Product Context
FinFlow is a digital payments platform that must make a real-time decision on every card transaction: approve, decline, or send for step-up verification. The service is used by merchants and consumers globally, and model quality directly affects fraud loss, conversion, and customer trust.
Scale
| Signal | Value |
|---|
| DAU | 18M transacting users |
| Peak transaction QPS | 45K requests/sec |
| Average QPS | 18K requests/sec |
| Merchants | 250K active merchants |
| Historical transactions | 9B over 24 months |
| Feature freshness target | < 2 seconds for streaming counters |
| End-to-end latency budget | 80ms p99 |
Task
Design a low-latency, real-time ML decision service on AWS using Python and SageMaker. Your design should address:
- How requests flow from API ingress through feature lookup, candidate decisioning, model scoring, policy checks, and response.

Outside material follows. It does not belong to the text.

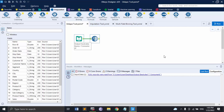Hello everyone, welcome to Alteryx Tutorials. In this video we are going to see the three most important tools in the data preparation tab of Alteryx. The first tool we are going to see is the Unique tool. As the name suggests, the Unique tool is used to distinguish whether a data record is unique or if it is duplicate.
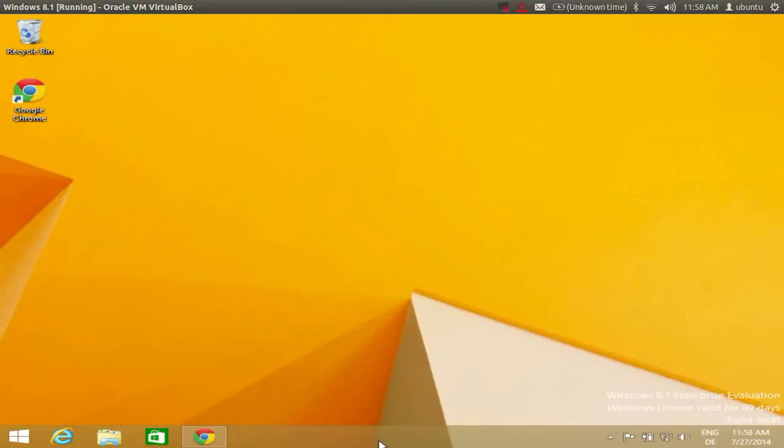Hello guys, in this video I am going to show you how you can get back your start menu or classic start menu in your Windows 8 or Windows 8.1 operating system.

- What should run online vs batch, including feature computation, model training, model deployment, and backfills.
- Which models you would use at each stage, and why a multi-stage architecture is preferable to a single model.
- How you would evaluate the system offline and online, including delayed labels for fraud outcomes.
- How you would handle monitoring, feature drift, training-serving skew, and safe rollback.
- What failure modes you expect at this scale and how the system should degrade gracefully.
Constraints
- The service must return a decision within 80ms p99; hard timeout at 100ms.
- False declines are expensive, but missed fraud has direct financial cost; the platform wants tunable thresholds by merchant risk tier.
- Some labels are delayed by days to weeks due to chargebacks, so training data is partially censored.
- PII and payment data must remain compliant with PCI requirements; minimize sensitive data movement.
- The system must continue serving during partial outages in feature infrastructure or model endpoints.
- Cost matters: the online path should avoid heavyweight per-request deep models unless justified by measurable lift.